Ask Madelyn: Resources for Beginning Weavers

I would love to be a weaver. I have a loom that I play around with. For some reason I just can’t understand weaving terms or how a draft works. I know that epi is ends per inch but what do you do with that? I have a 20 dpi reed. It’s like everything I read is not English to me, it just doesn’t click. Is there a book or info anywhere to make this plain to me? Any help would be very greatly appreciated.


Hi Lori!

Your question will make most weavers smile and most weavers’ guilds greet you with warm hugs and lots of help. I can give you some simple answers but much of what you want to know will take more than just a book. Weavers spend many years learning the realities that weaving terms represent. Your sentence “I would love to be a weaver” is the first step in a long and rewarding journey.

To give you some simple answers: “Ends per inch” means the number of warp threads per inch in the piece you are weaving. The warp threads (the ends; why that word we do not know) are the vertical threads that are held under tension on the loom. Usually, the thicker the warp threads, the farther apart they need to be. Fine cotton threads are often placed at 24 ends per inch. Some wools might be as loosely sett (another weaving word) at 6 ends per inch. Therefore, if you had a reed with 12 dents (the slots the threads go through) per inch, you would put two ends of the fine cotton in each dent or one end of the wool in every other dent to achieve the desired density.

Beginning weavers

But your questions and all the information you need to know will go far beyond this. I know many weavers who are self-taught and most of them started with Deborah Chandler’s Learning to Weave. The first few pages answer the question What is a Weaver followed by a Weaving Vocabulary. Succeeding chapters give the steps for reading drafts, basic warping and weaving techniques, and how-to’s for several commonly used weave structures.

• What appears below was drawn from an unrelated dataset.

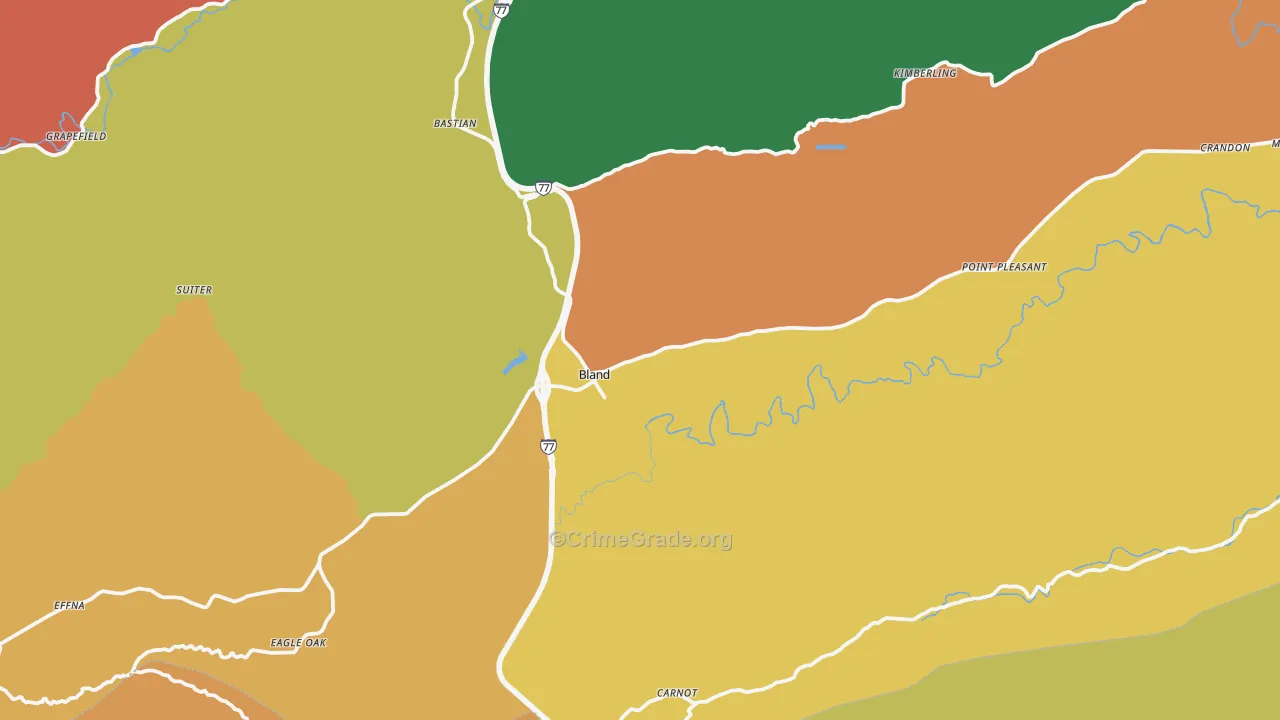 Bland, VA Map of Assault Rates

And, since you asked this question at, you may already know all the resources available on this site: other books besides Deborah’s and many, many videos that teach basic warping and weaving techniques.

Classes and workshops in weaving abound; you can search the internet for them. There is likely to be a weavers’ guild close enough for you to attend (look under Resources at the website for the Handweavers Guild of America to find one near you). Going to a guild meeting can be daunting, but when you stand up and introduce yourself and say you are looking for a weaving class, you will find yourself among many teachers and future friends.

Welcome to the adventure! There is one other little thing… Your 20 dents-per-inch reed is extremely fine. Most yarns are too thick to use in such small dents without abrasion. So, you will need other reeds. Your adventure is going to include many discoveries of other things you need. But you will love them all; weaving yarns and tools are wonderful in themselves.

I hope you ask other questions as they come up!